What is the plural of ‘thesaurus’? ‘Thesauri’? “Thesauruses”? Google says either one works. Personally, I like “thesauri”. It sounds more classy.
I have multiple thesauri at my disposal as tools for the writing process. I mentioned one such thesaurus in my previous blog post ‘I’ll Tell You How I Feel‘, where I wrote about ‘The Emotion Thesaurus’ – here’s the link to the newest, updated version. This thesaurus is great for creating rich characters of great emotional depth.

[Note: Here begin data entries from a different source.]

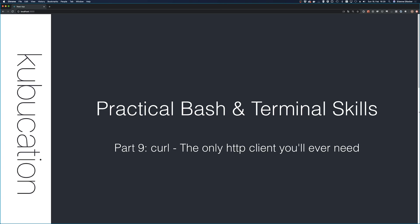Welcome back to my practical bash and terminal skills series. We've reached part 9 and I've labeled this one curl, the only HTTP client you'll ever need.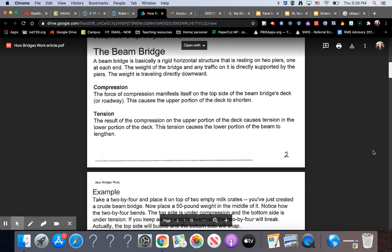Compression. The force of compression manifests itself on the top side of the beam bridge's deck or roadway. This causes the upper portion of the deck to shorten. Tension. The result of the compression on the upper portion of the deck causes tension in the lower portion of the deck. This causes the lower portion of the beam to lengthen.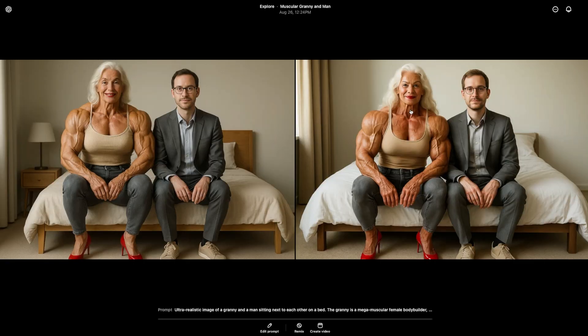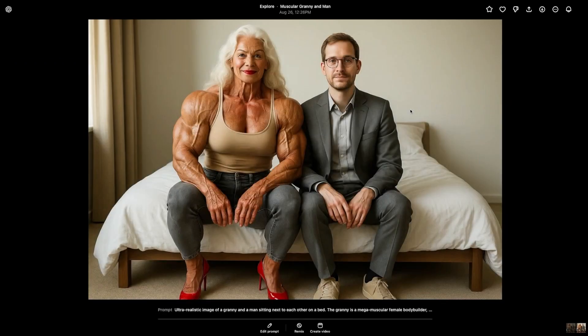When it's finished, you'll find the results under My Media. This is what I got, but don't be surprised if your images look different, even with the same prompt — that's completely normal. Click on the image you like the most and then hit the download button.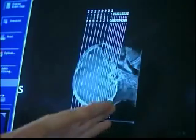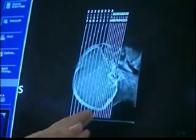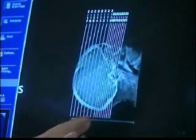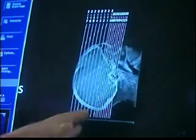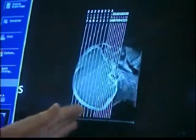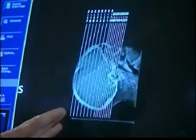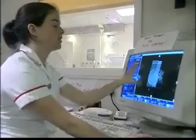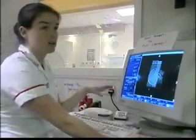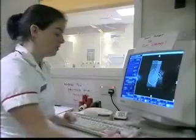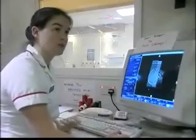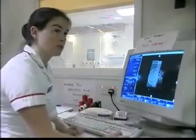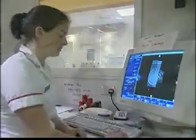We're going to do thinner sections through the base of the skull, and then we're going to do wider ones as we go through towards the top of the skull. So now we can do our actual scan and produce the actual images that the radiologists will look at.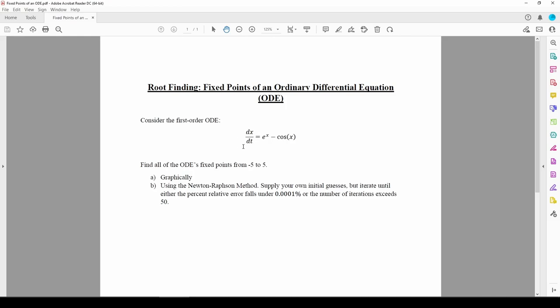For this specific ODE, we can set the dx dt term to 0, but we can't explicitly write an equation in terms of x to obtain the fixed points. Actually, there's one fixed point we can find immediately, and that's when x equals 0. When x equals 0, both e to the x and cosine x equal 1, so this entire expression becomes 0. We should expect to obtain x equals 0 numerically, but for the other fixed points, we have to use a numerical method.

I received a new thesaurus the other day called ‘The Writer’s Idea Thesaurus’ written by Fred White. It’s a collection of ’embryonic’ story ideas ready to be expanded into full-fledged novels or short stories (every one of them that I read played out as a movie in my head). The book contains 20 chapters of starting points. Within each chapter are ten idea categories containing ten idea scenarios each. For example, there’s a chapter on ‘the transformation of x into y’ and in that chapter, there’s a category ‘the transformation of the wild into the domesticated (or vice versa). In that category, there’s the idea that the beloved family pet turns into a wild animal when angry and when the mom tries to euthanize the animal it runs away. From that nugget of an idea, you can go on to create a story about a little chihuahua that eats up New York, or a hampster that, after a blood-filled rampage, discovers that it just wants to be loved. Whatever you can come up with. Obviously, it’s already spawned several ideas for me.

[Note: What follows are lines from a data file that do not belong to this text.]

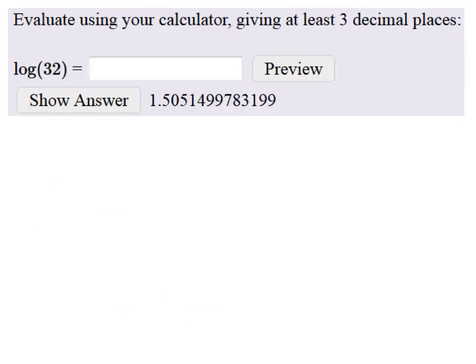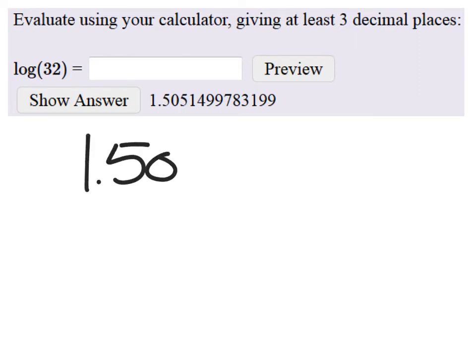There's our answer. We only wanted three decimal places, right? So the actual answer would be what? There we go.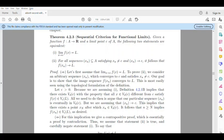Dear students, I am going to discuss the sequential criteria for functional limits. We are going to discuss the definition of functional limits and the sequential criteria.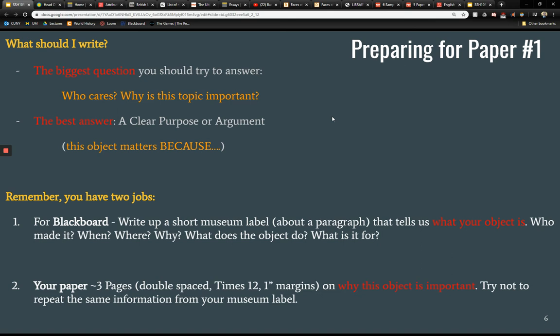For this paper you have two big jobs. You're going to write up that short museum label — you can see it at the very end of the sample paper — which tells us what your object is. And then your paper itself, which tells us why your object matters. Those are two different things. The label doesn't have to tell us why the object matters; it just has to tell us what it is.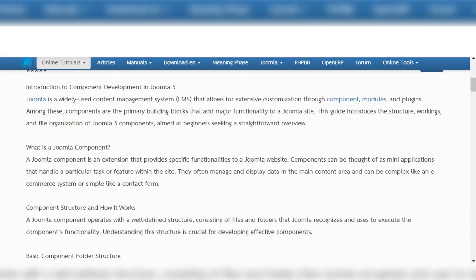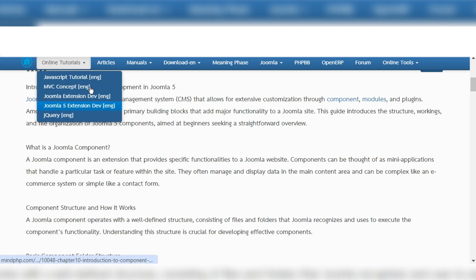Hello everyone, in this video I will share about what is a component in Joomla 5. You can read the article as you want to know the basics of how it works and the component development from this website, mindphp.com — the Joomla 5 extension app. From here you can read step-by-step Joomla tutorials if you are familiar with documentation.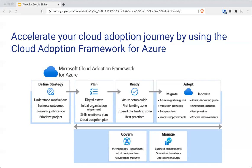In the governance section, you build a methodology to incrementally take first steps all the way to full cloud governance, establish benchmarks to see where you're at and where you want to go, create plans, and improve. In the manage section, you expand the baseline as more projects move to the cloud and ensure you're always running best practices on everything.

This book plays on a theme of products available that provide inspiration to writers when they’re experiencing writer’s block, or just don’t know what to write in the first place. It’s along the same vein as ‘Complete the Story‘ which I really enjoy. In this book, they give you the ‘hook’, the first two or three sentences, and then you take it from there. I’ve come up with some pretty exciting short stories from these ideas.

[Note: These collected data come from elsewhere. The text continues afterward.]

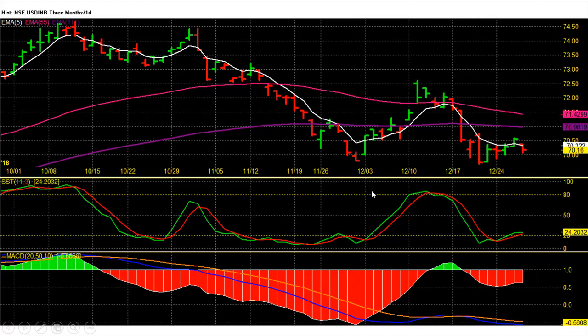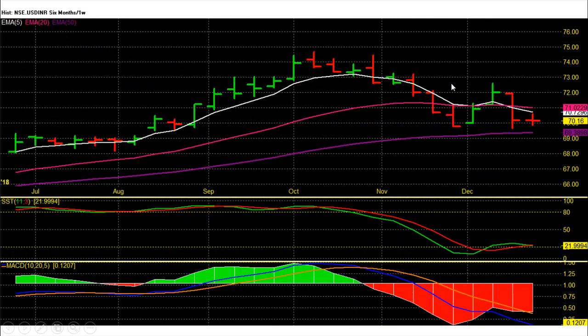Dollar Rupee Future Weekly Chart Technical Analysis. Dollar Rupee Future on weekly chart is showing losses for this week. This was the second losing week, and in these two weeks dollar tumbled from a top of 72 to a low below 70 rupees.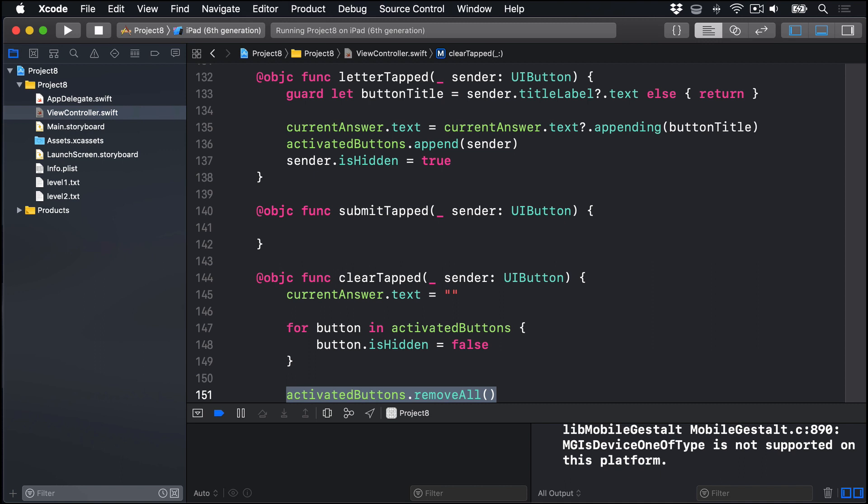That just leaves one very important method to fill in, and we already made its stub. This thing here, submitTapped. When the player taps the submit button. This code will use the firstIndexOf method to search through the solutions array for an item, and if it finds it, tells us its position. Remember the return value of firstIndexOf is optional, so in situations where nothing is found, you won't get a value back. We have to unwrap its return value carefully.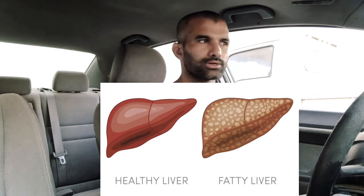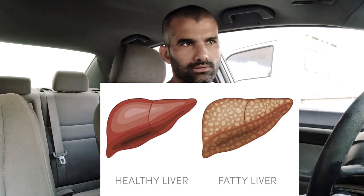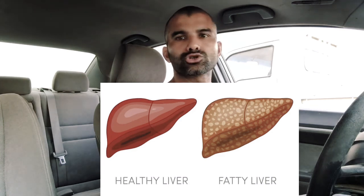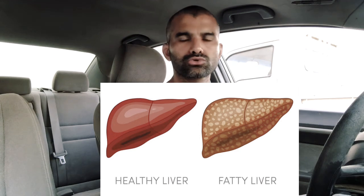This is a fat liver. The liver is an organ of our body. This liver is a fat.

Another one that I use from time to time is ‘300 Writing Prompts‘ by the same publisher. In this book, the prompts are in the form of questions and have a more personal bent. These are well suited for journaling, though they can inspire some creative ‘movement’ when stuck in a particularly sticky spot with a character. There’s also the companion ‘300 More Writing Prompts‘ which has more of the same style of questions.
But I think the best writing prompt book by far is ‘642 Things to Write About‘ by the San Francisco Writer’s Grotto. This is the de facto book in writing prompts. The story goes that all the ideas for the book were collected within 24 hours in response to a book idea presented on a whim. It goes to show you how you never know when it’s going to be your moment to be ‘hot’. You’ve got to just jump in there and get going and this book certainly is a great springboard. And if that’s not enough, there’s also ‘712 More Things to Write About‘ to keep you inspired for a long time.
You can’t build a house without good tools, and you can’t write a good story without them, either. These tools have helped me greatly with getting through some of the rough patches of my writing. I’m glad to have them in my toolbox and I’ll continue to add others like them as I go. And as I do, I’ll make sure and share them with you along the way.